PHUKET: The requests by two taxi operating companies to boost the number of vehicles operating at Phuket International Airport have been declined until at least June, while plans for the allocation of business and services under the 5.7-billion-baht expansion project at the key tourism portal are finalized.
The news was announced by Wing Commander Pratheep Wichittho, Deputy Director of Airports of Thailand (AOT) Public Co Ltd, yesterday.
“We have hired a consultancy company to research and come up with a model for commercial activities at all [AOT] regional airports. They have until June next year to complete the plan. After that, we will select the operators for every commercial activity to be conducted at the airports: shops, taxis, ground handling and food stalls,” said Mr Pratheep.
“Once built, the new terminal will be for international passengers and the existing terminal will be used for domestic flights, so it is best to organize the commercial zones and concessions before the Phuket expansion project is completed,” he added.
Phuket Airport will be the first AOT regional airport to use the plan drawn up by the consultancy, and the plan will be developed specifically to match the expansion project, Mr Pratheep said.
“So we have frozen the number of taxis operating at the airport for time being. Phuket Mai Khao Company has 110 taxis and the Phuket Car Service (PCS) Cooperative has 180, and there are 80 metered taxis, which will all continue to serve the airport until plan is completed,” he explained.
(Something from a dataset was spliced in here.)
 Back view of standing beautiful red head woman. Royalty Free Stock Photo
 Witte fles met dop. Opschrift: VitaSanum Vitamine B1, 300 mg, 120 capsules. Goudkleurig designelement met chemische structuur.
As the concessions the two non-metered taxi companies were operating under expired on September 30, the concessions were extended under the current conditions until June 2013, Mr Pratheep added.
The PCS in June this year requested to boost the number of its vehicles at the airport as part of its negotiations in renewing it concession, which expired on September 30.
Lack of agreement prompted a visit by the Senate Standing Committee for Transportation in August, during which Prakop Punyawai, who presented himself as the “managing director” of PCS, said, “The AOT is considering allowing 30 more metered taxis to serve the airport, but according to the concession we have with AOT, if you allow 30 more metered taxis to serve the airport, you must allow us to boost our numbers by 60 vehicles.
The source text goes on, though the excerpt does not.